- RECORDED INFORMATION -
************
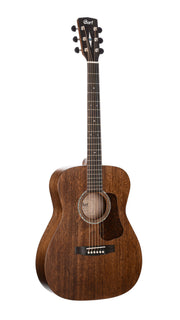 Cort L450CNS Luce Series Acoustic Guitar. Natural Satin Mahogany
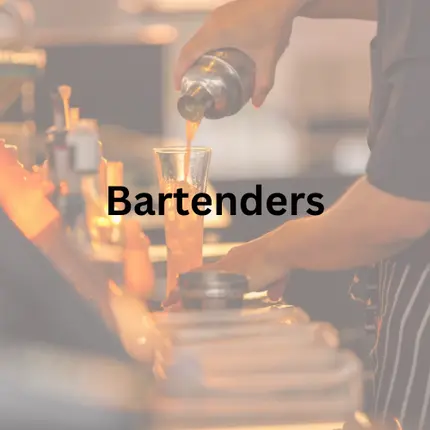 Bartenders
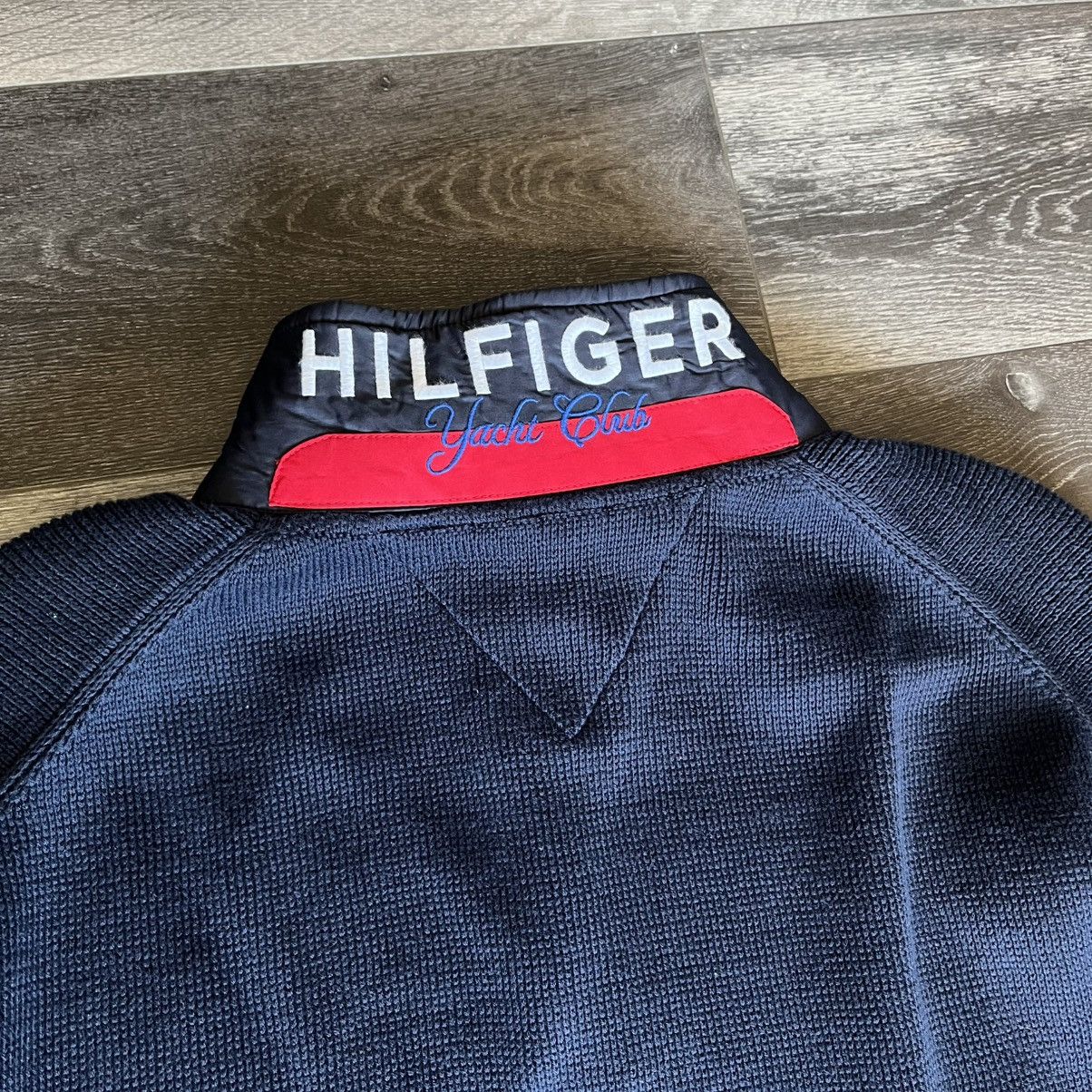 Tommy Hilfiger Tommy Hilfiger Yacht Club Quarter Zip Premium Cotton Sweater Size US XXL / EU 58 / 5 - 4 Thumbnail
************
- WORK INSTRUCTIONS -
Would you return the whole listing exactly, without the pictures?

- RESPONSE BOX -
 Cort L450CNS Luce Series Acoustic Guitar. Natural Satin Mahogany
 Bartenders
 Tommy Hilfiger Tommy Hilfiger Yacht Club Quarter Zip Premium Cotton Sweater Size US XXL / EU 58 / 5 - 4 Thumbnail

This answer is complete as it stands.